Je roule pour un cheval
Tout au bout de piste cyclable tracée au long de la côte de Beaupré, juste au moment où la langue de pavé s’évanouit pour devenir un pont, puis le cul-de-sac face au Moulin du Petit Pré qui mène à l’Avenue Royale, il y a un cheval.
Robe alezan clair, genre palomino. C’est peut-être un percheron, je ne sais trop. Je n’y connais rien. Il a parfois de la compagnie, mais pas toujours. C’est comme moi à vélo.
Je roule pour lui. Pour ce qu’il représente. Pour le paysage que l’on avale en même temps que les kilomètres.
Je plains mes amis qui doivent se contenter de faire de la côte dans Camilien-Houde ou de tourner en rond sur le circuit Gilles Villeneuve. Depuis Limoilou, en quelques minutes, j’accède à l’infinie beauté de l’Ile d’Orléans, du comté de Portneuf, du Lac St-Joseph, de la vallée de la Jacques-Cartier ou des abords du fleuve.
Des fois, je roule pour la forme. Je roule pour aller vite. Mais souvent, aussi, si le souffle me manque, c’est en raison de la beauté qui m’entoure.
Je roule donc pour les lamas à Château-Richer, les gens qui se baignent et pêchent aux abords des Équerres, pour les arbres qui couvrent la route à Fossambault, le casse-croûte de la grande ligne vers Saint-Raymond et les bateaux de la marina du lac Sergent. Ajoutez à la liste les champs fleuris tout en bas de St-Augustin, le turquoise des panneaux de la ferme expérimentale à Neuville qui se confond certains jours avec le ciel. Je roule aussi pour la petite maison au toit rouge dans le virage de la rue Belleville, au passage du ruisseau du Valet, à Lac St-Charles. Pour le coq qui m’accueille à la fin de la grimpe entre Stoneham et Tewkesbury.
Le vélo de montagne permet d’entrer dans le paysage, d’en devenir un acteur. La route, elle, procure un certain recul et donne l’occasion d’en absorber la bienfaisante splendeur.
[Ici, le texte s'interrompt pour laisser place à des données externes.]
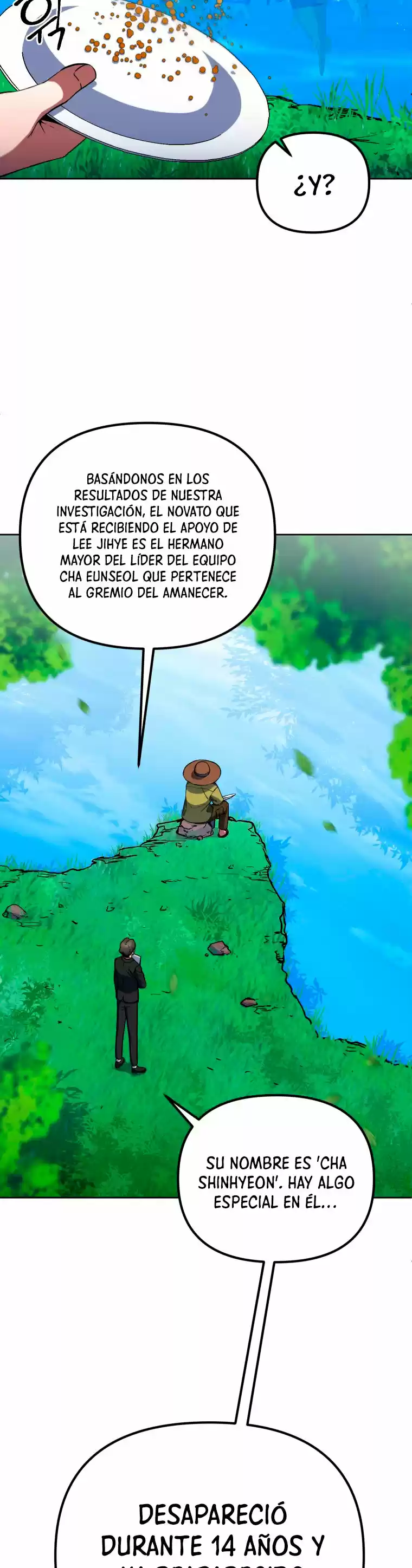 Maxed Out Leveling - Capítulo 10 - Página 8 - LectorTMOo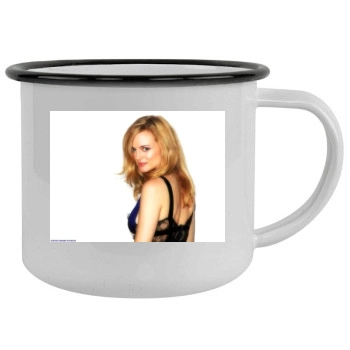 Heather Graham Camping Mug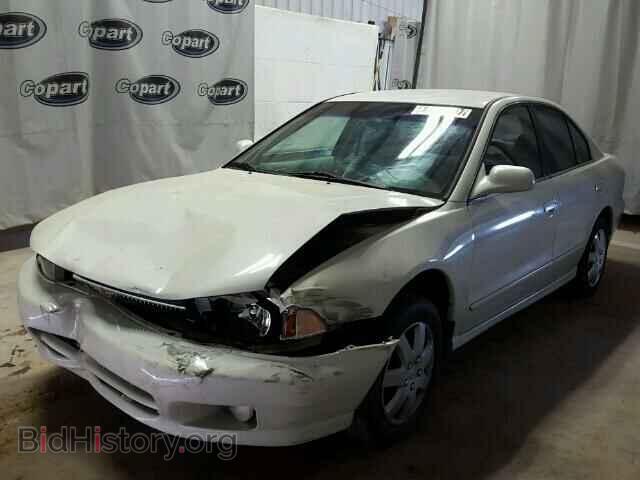 2001 MITSUBISHI GALANT - VIN: 4A3AA46G91E209977 - Фото 2
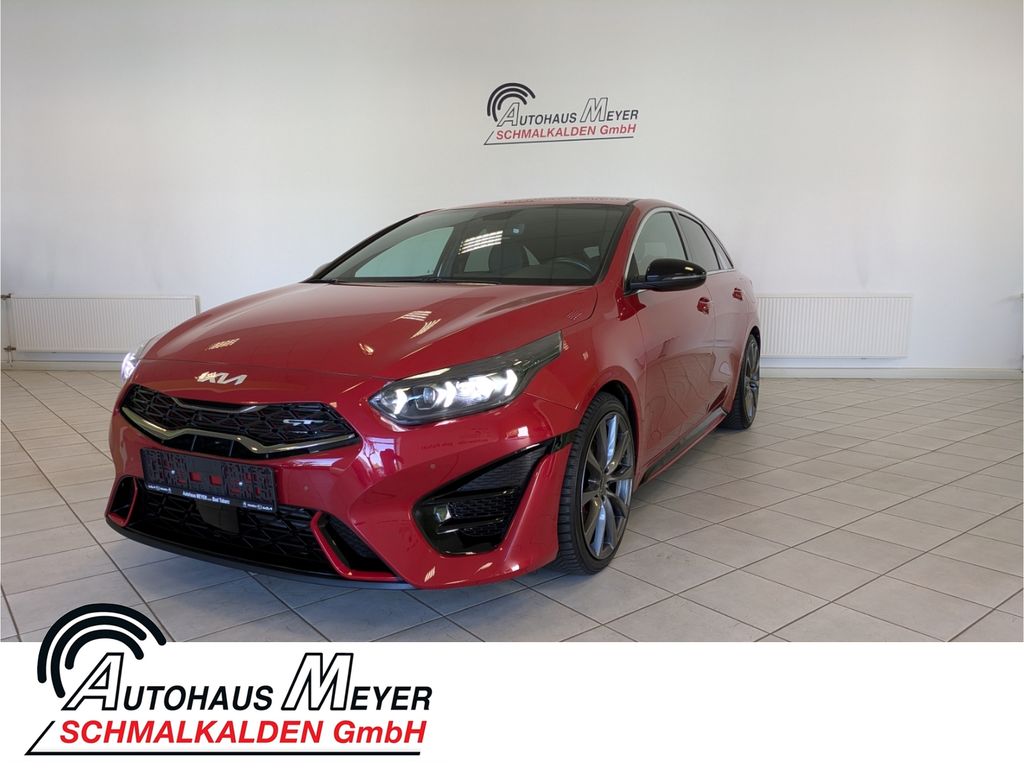 Bild des Angebotes Kia ProCeed 1.6 GT+Navi+LED+SHZ hinten+Kamera+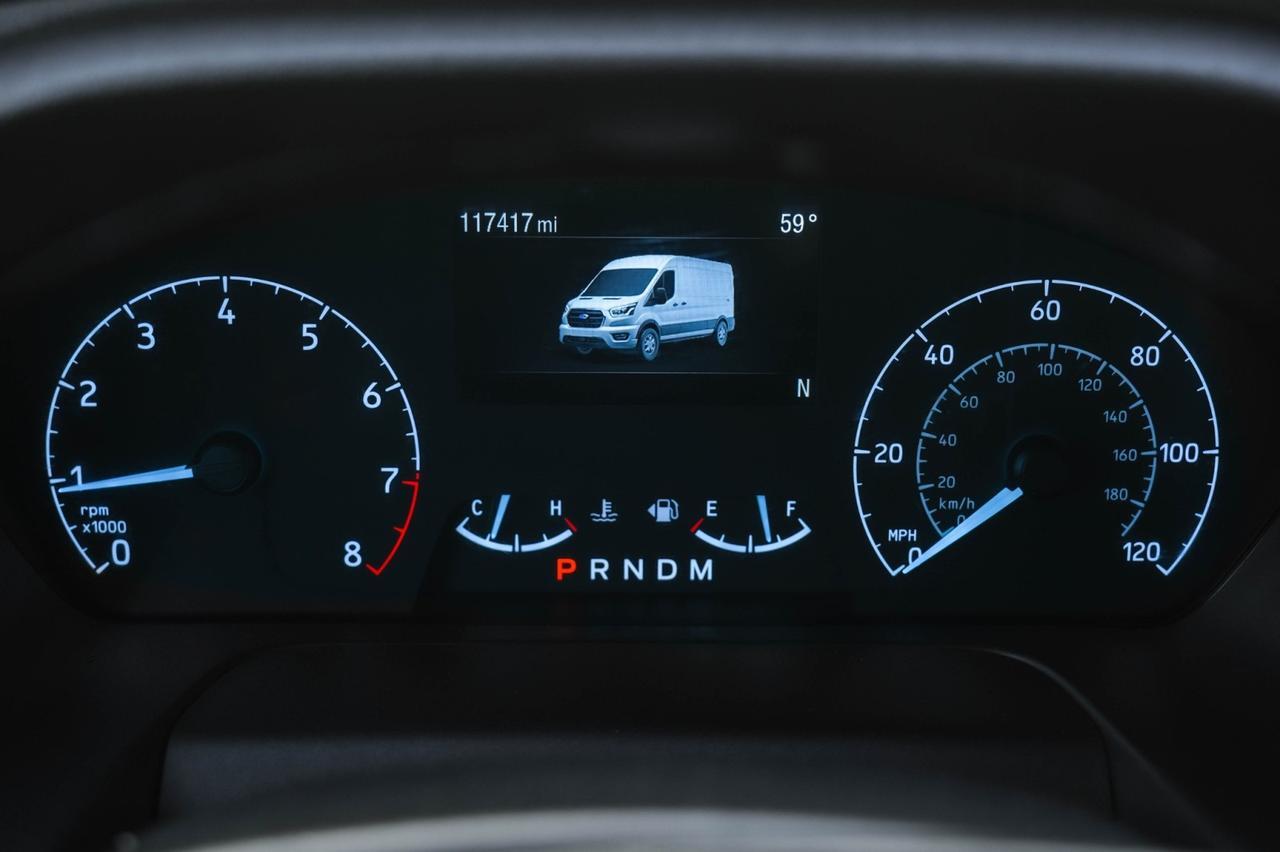 2021 Ford Transit Cargo Van Farmers Branch TX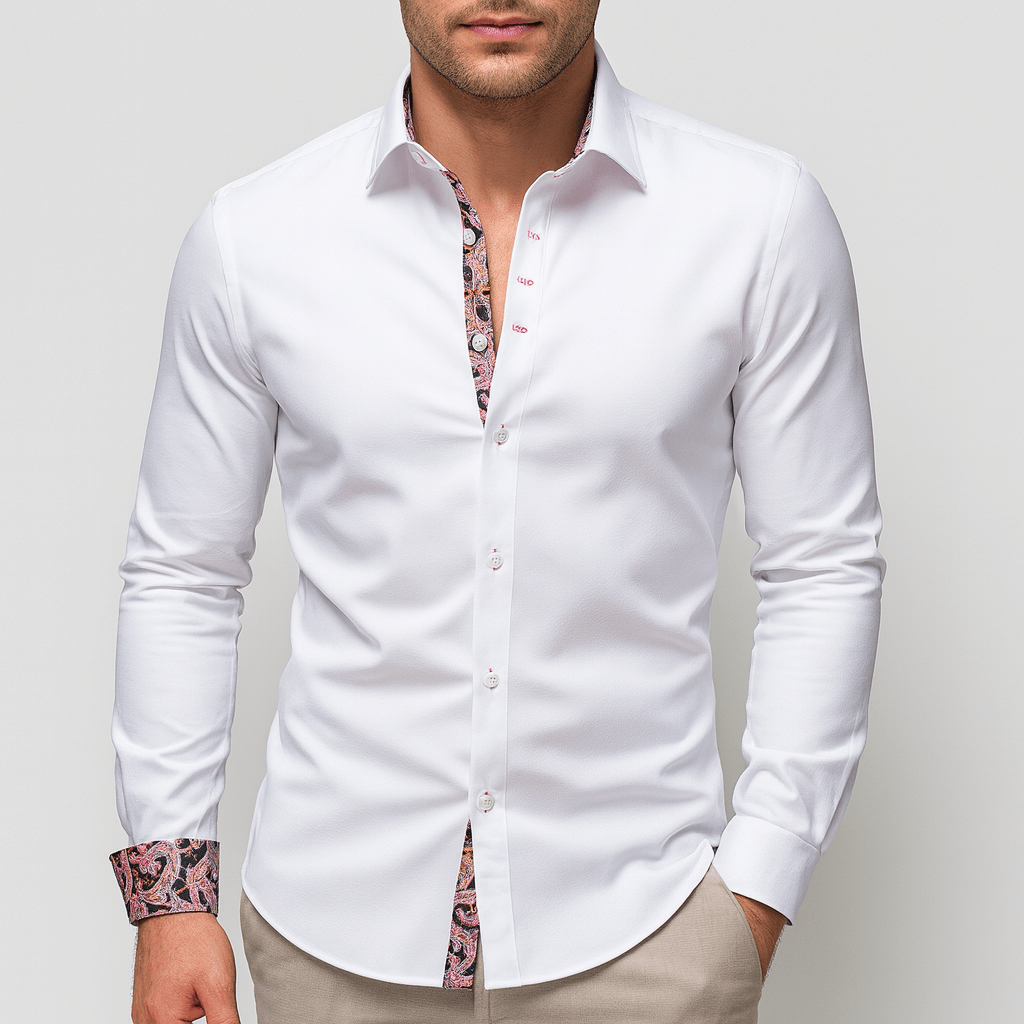 LUXEOUTFIT | Pocket Button Shirt
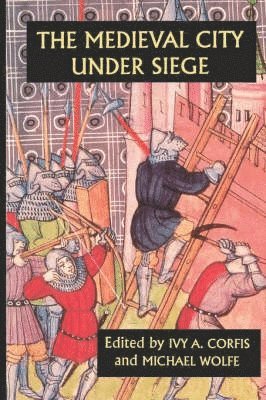 Medieval City under Siege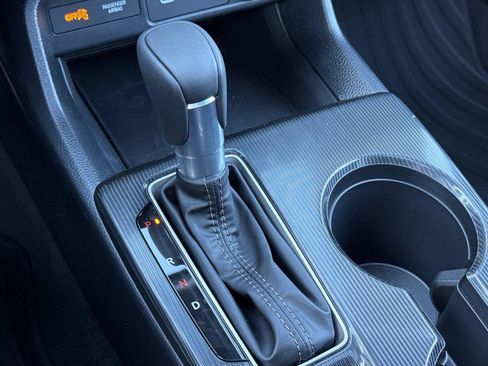 New 2026 Honda Civic FWD Hybrid Sedan image 23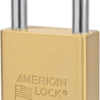 Padlock Kwikset Cylinder 1-3/4in Wide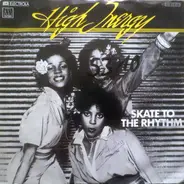 High Inergy - Skate To The Rhythm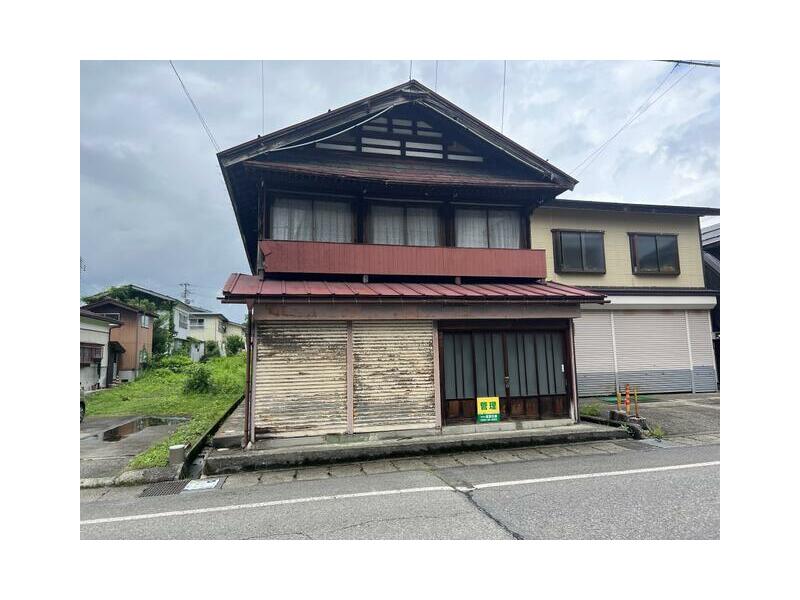 Yama County, Nishi Aizu Town, Nozawa, Hara-machi (Nozawa Station) 2-story 9DK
Une beauté qui me guérit de tout, me lave de l’intérieur. Parfois de manière triviale, comme lorsqu’elle me fait oublier l’infâme chanson qui me trotte dans la tête et refuse obstinément de se taire depuis 50km.
Le décor donne du sens à l’effort : pour y accéder, pour aller loin et changer de théâtre, il faut souffrir un peu.
Ou alors on voyage. Mais l’objectif est toujours le même. Rouler pour le plaisir de voir le monde autrement que depuis une voiture ou un train. Juste assez vite pour aller loin. Juste assez lentement pour avoir le temps de s’imbiber de tout ce qui nous sépare de la ligne d’horizon. Châteaux et plages. Caps et pics. Longs rubans de route ou lacets de gravier. Forêts, champs. Et des villages, toujours, au milieu de nulle part, dont les terrasses semblent n’attendre que nous.
Je roule pour que le décor finisse un jour par m’avaler lui aussi. Pour me perdre dans le regard de ceux qui restent derrière et me voient disparaître au bout de la route. Je roule pour devenir le cheval de passage dans la vie des paysans, des urbains, des touristes, des villageois qui, eux, restent là.
Je roule pour les lieux et les détails de la route qui sont familiers, et pour changer de décor. Ces paysages sont à la fois source de réconfort et de surprise. À eux seuls, ils suffisent souvent à me tirer de l’inertie du divan, du fauteuil de travail. Partir pour revenir, les jambes vides et la tête pleine, mais d’autre chose que de pensées de travail, de tâches. Des choses triviales, belles et simples. Et pourtant essentielles. Ce sont elles qui donnent son goût à la vie.